Pourtant, elle allait de surprise en surprise. Ainsi, de temps en temps il se mettait à son tableau noir et le remplissait d’équations et de signes cabalistiques étranges, se grattant le menton, les yeux fous. Il parlait de géométrie non Euclidienne, d’espace de Riemann, de surface hyper sphérique à quatre dimensions, d’incertitude d’Heisenberg… Lindsay était stupéfaite, à ses yeux, il devenait un Dieu.

Régulièrement, Lorenzo posait un regard sévère sur elle, sourcils froncés :

— T’es pas en train de t’attacher, hein ma belle ? demandait-il.

— Tu me demandes quoi ?

— T’es pas amoureuse au moins ? Faut pas ! Je suis pas un mec fiable.

— T’es complètement con ! s’indignait la belle.

Oui, elle prenait des habitudes de voyoute ! Elle était pervertie, souillée, contaminée, infâme pécheresse. D’ailleurs, elle avait des pratiques sexuelles que la morale réprouve ! Même moi ! On a beau dire que le sexe n’est pas sale… Là quand même, c’est choquant !

Je suis choqué !

Vous vous dites, madame, mademoiselle, mais putain, pourquoi elle reste avec ce salaud ?

Rapidement, elle apprit le poker hold’em : c’est-à-dire à lire les micro-expressions faciales pour déceler le bluff. Elle devint une joueuse honnête.

Les rudiments du billard lui furent enseignés pas Seb, avec quelques mains au panier au passage. Elle se débrouillait passablement et quand elle s’allongeait sur la table pour un coup, Jo hululait et parlait à l’envers.

Lorenzo lui apprit à conduire : moto, voiture, trottinette… Elle put passer son permis rapidement car il se chargea de payer.

— Le fric c’est bon en ce moment, ça tombe, c'est cool. Mais faudra que tu me rembourses. Je ne sais pas quand, ni si cela arrivera un jour, mais il est possible que je te demande un service. Il faudra faire ce que je te demande, même si c’est mentir à la police. Capice ?

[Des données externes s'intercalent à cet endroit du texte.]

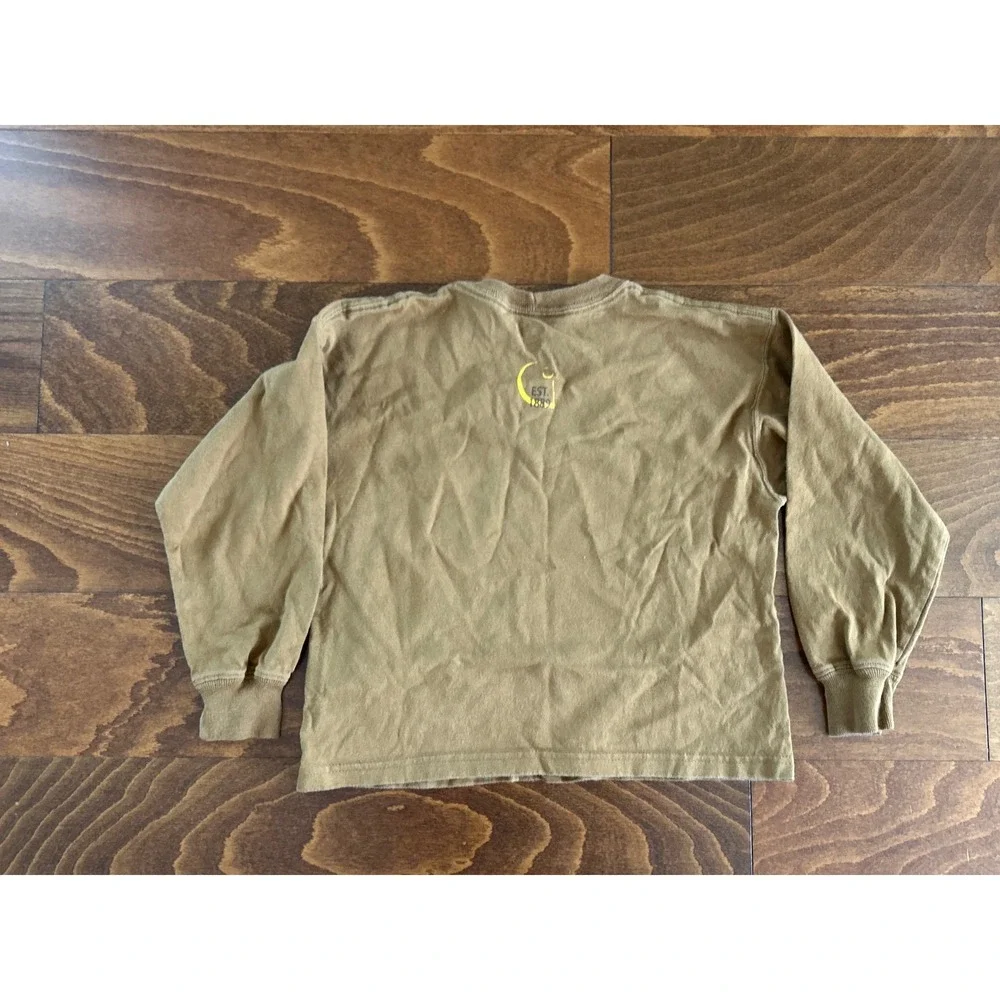 Carhartt‎ Boys Brown Long Sleeve Graphic T-Shirt XS 4/5 100% Cotton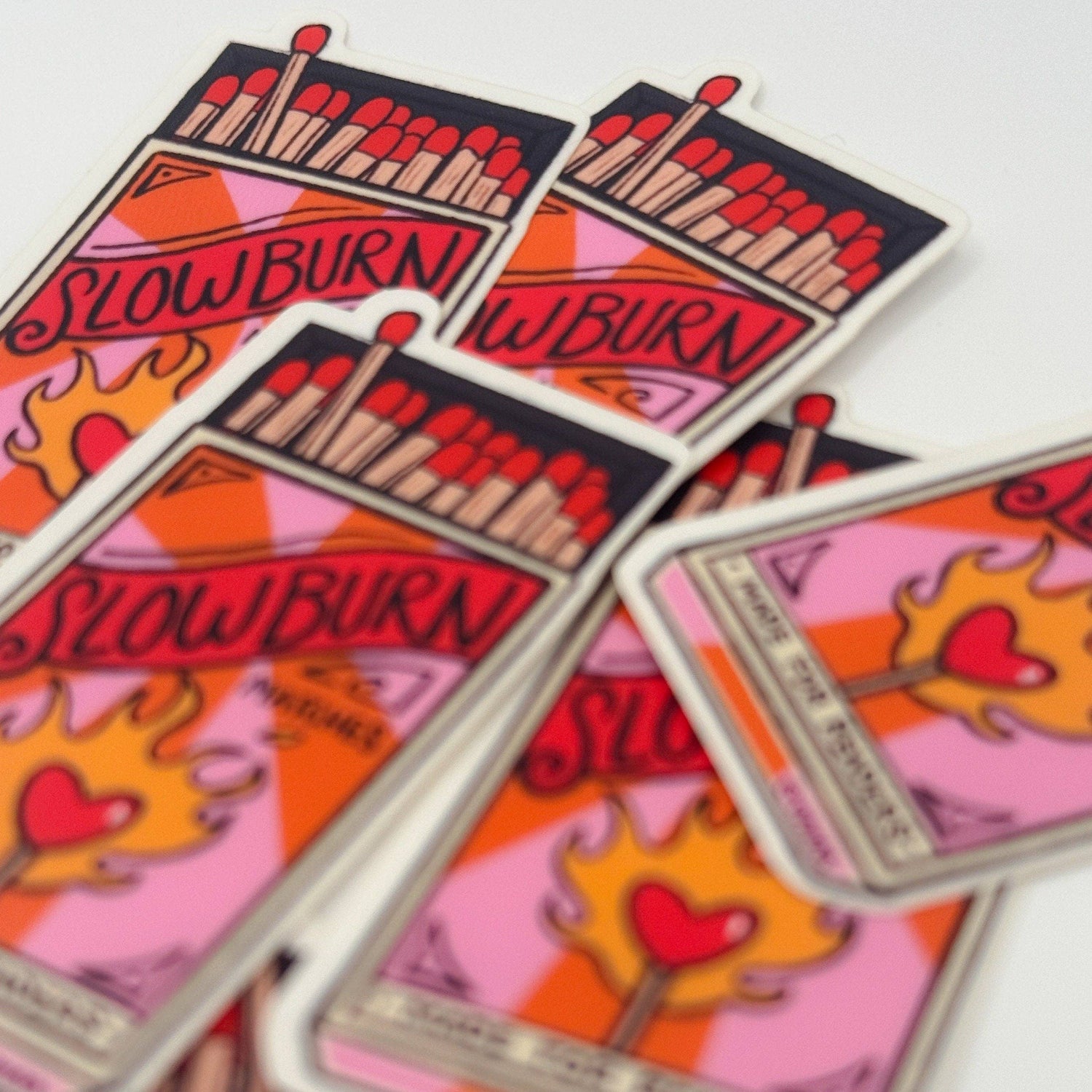 Colorful playing cards with matches and &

Lindsay ouvrit des yeux comme des soucoupes, à la fois scandalisée, outrée, apeurée, énervée. Oui, elle cumulait les émotions avec ce mec.

— Dis-voir, comme on est en pleines confidences, tu sais qu’avec les potes, on partage tout, c’est le collectivisme.

— Et ? demanda-t-elle méfiante.

— Tu pourrais coucher un peu avec Fabrice et Seb. Mais gentiment, pas obligé de sentiments. Juste tu écartes les cuisses, tu couines…

— T’es sérieux, là ?

— Bah ouais…

Lindsay claqua le beignet de Lorenzo avec amour mais aussi avec une détermination sans faille. Avec les femmes vous leur donnez ça, elles vous prennent tout ! C’est une misère !

Oui, Lindsay avait bien changé. Et pas en bien. Était-elle heureuse ? Elle se l’imaginait.